All is not lost though. You can refire PMC as many times as you want. I have read that it's best to do this before you clean it, though honestly I have done that and it has turned out fine. You'll notice when you take it out of the kiln that it is white. This is just residue of the firing process and the binder and will come off. I'll show you how in a bit. First though, I had to patch the seam. I took a little more PMC (about the size of a ball bearing) and put it along the seam until it was smooth. Then I let it dry (this time I put it in the oven at 200 degrees for 20 minutes because I was impatient). Then I refired it.



This time, it looked pretty good. I put it back on the mandrel and pounded until it was a good size 6. Then I put both rings in a tumbler with stainless steels shot and a little bit of dish soap and tumbled it for about an hour. You can also clean this by using 3M pads or a stiff wire brush and running under water.


The tumbler doesn't completely polish it, but it gives it a good start. Next, I take my polishing cloths. These are a series of about 12 cloths that you polish your piece with one at a time. It starts with a course cloth and works up to a soft cloth. It's a painstaking process but it does produce a nice mirror finish. Of course, if you have a flex shaft or similar tool, you can polish with that (one day I will purchase one!)

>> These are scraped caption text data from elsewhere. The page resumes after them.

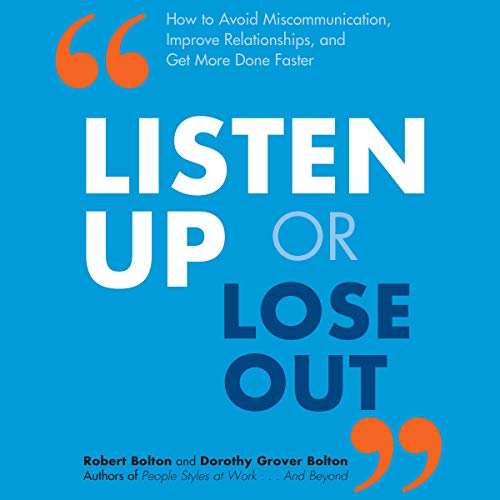 Listen Up or Lose Out How to Avoid Improve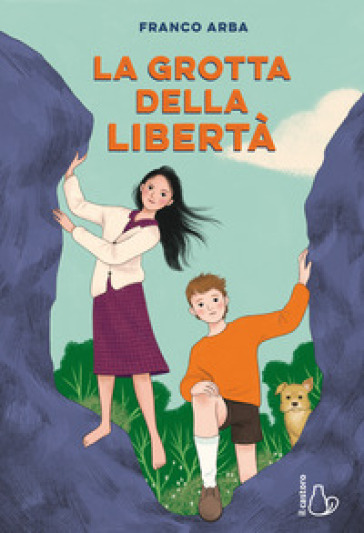 La grotta della libertà. Ediz. illustrata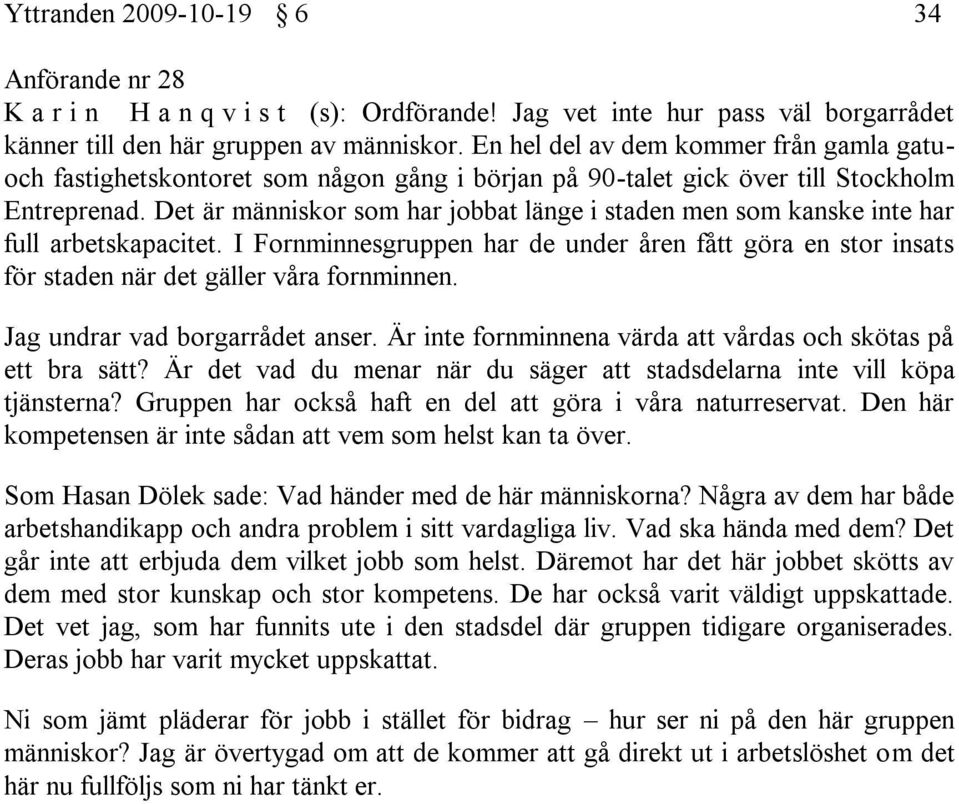 Det är människor som har jobbat länge i staden men som kanske inte har full arbetskapacitet. I Fornminnesgruppen har de under åren fått göra en stor insats för staden när det gäller våra fornminnen.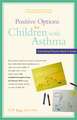 Positive Options for Children with Asthma: Everything Parents Need to Know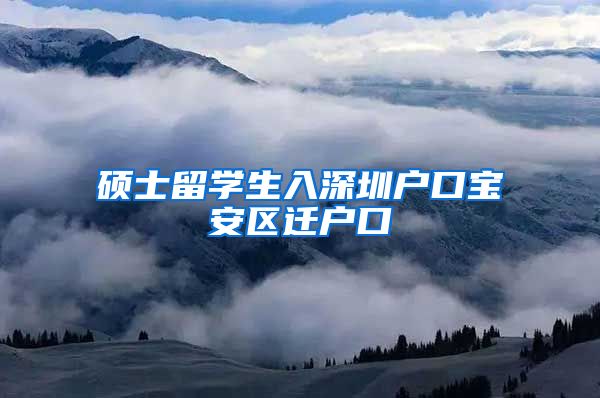 硕士留学生入深圳户口宝安区迁户口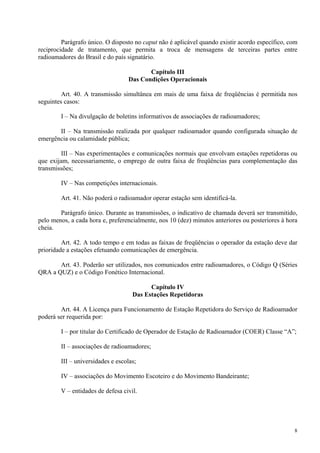 Parágrafo único. O disposto no caput não é aplicável quando existir acordo específico, com 
reciprocidade de tratamento, que permita a troca de mensagens de terceiras partes entre 
radioamadores do Brasil e do país signatário. 
8 
Capítulo III 
Das Condições Operacionais 
Art. 40. A transmissão simultânea em mais de uma faixa de freqüências é permitida nos 
seguintes casos: 
I – Na divulgação de boletins informativos de associações de radioamadores; 
II – Na transmissão realizada por qualquer radioamador quando configurada situação de 
emergência ou calamidade pública; 
III – Nas experimentações e comunicações normais que envolvam estações repetidoras ou 
que exijam, necessariamente, o emprego de outra faixa de freqüências para complementação das 
transmissões; 
IV – Nas competições internacionais. 
Art. 41. Não poderá o radioamador operar estação sem identificá-la. 
Parágrafo único. Durante as transmissões, o indicativo de chamada deverá ser transmitido, 
pelo menos, a cada hora e, preferencialmente, nos 10 (dez) minutos anteriores ou posteriores à hora 
cheia. 
Art. 42. A todo tempo e em todas as faixas de freqüências o operador da estação deve dar 
prioridade a estações efetuando comunicações de emergência. 
Art. 43. Poderão ser utilizados, nos comunicados entre radioamadores, o Código Q (Séries 
QRA a QUZ) e o Código Fonético Internacional. 
Capítulo IV 
Das Estações Repetidoras 
Art. 44. A Licença para Funcionamento de Estação Repetidora do Serviço de Radioamador 
poderá ser requerida por: 
I – por titular do Certificado de Operador de Estação de Radioamador (COER) Classe “A”; 
II – associações de radioamadores; 
III – universidades e escolas; 
IV – associações do Movimento Escoteiro e do Movimento Bandeirante; 
V – entidades de defesa civil.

So after polishing, it had a nice finish, but I should not have been surprised to see the same flaws that were in my piece before firing were still there. I knew this... I did. And yet I fired it anyway. You really want the piece to look perfect before firing. It's frustrating and hard and you often have to scrap your work and do it again and again... but hey, that's jewelry making for you.I also didn't like the shape of the sides of the ring, so I took my big metal file out and evened it out. The end result wasn't bad. I'm sure I could sell this ring. However, this was a custom order based on a picture of a larger ring I made, so the customer is expecting something specific, and I don't feel like this is good enough. At a jewelry show, where a customer could look at this in person, I would feel fine selling it. When customer order online, I want to be sure that they are getting what they are expecting.
Notes about this method: The method I just described in this post and the last is tricky because in manhandling the ring to get it around the mandrel, you can really ruin the imprint - which is one thing that happened with me. As you can see, it's also incredibly hard to size these rings correctly this way. However, there are some instances when this method would work. 1) If you're flexible about the size and not trying to get an exact size. 2) If instead of using a texture sheet, you decide to hammer it after firing, then it doesn't really matter if the surface isn't perfect. I've made a few rings this way and they've turned out great.
And so this brings me to method #2. And it also brings me to the sad fact that custom orders are rarely profitable. I usually make 3 items trying to get it right, and you can't charge the customer for your mistakes.. This is ok with me because I'm not in it for money, and I love trying new techniques. But I imagine this is also one reason that the markup on jewelry is so high. Not only do you need a lot of tools and inventory, plus labor, but there is also a lot of waste.
METHOD 2: Firing the ring flat
In this method, you start out the same as before. You take your PMC, roll it into a log and roll it into a sheet. I used 5 cards this time since the 2 previous rings turned out a little too thick for my liking. Like before, I used a texture sheet, removing 1 card from each stack first. Then I used a ring template to measure a size 9 (which should shrink to a size 6 in the kiln). Then I evened out the edges and trimmed. Again, I put it in teh oven to dry it out, and I'm getting ready to fire it. For this method, you fire it flat, then form it into a ring, checking the size (filing if too big), adding more PMC like I did for fixing the crack above and then refiring. You could also solder it closed, those this tends to leave a more noticeable seam.

This photo shows pre-firing. I'm going to take my file and even out the edges just like I did last time before I fire it.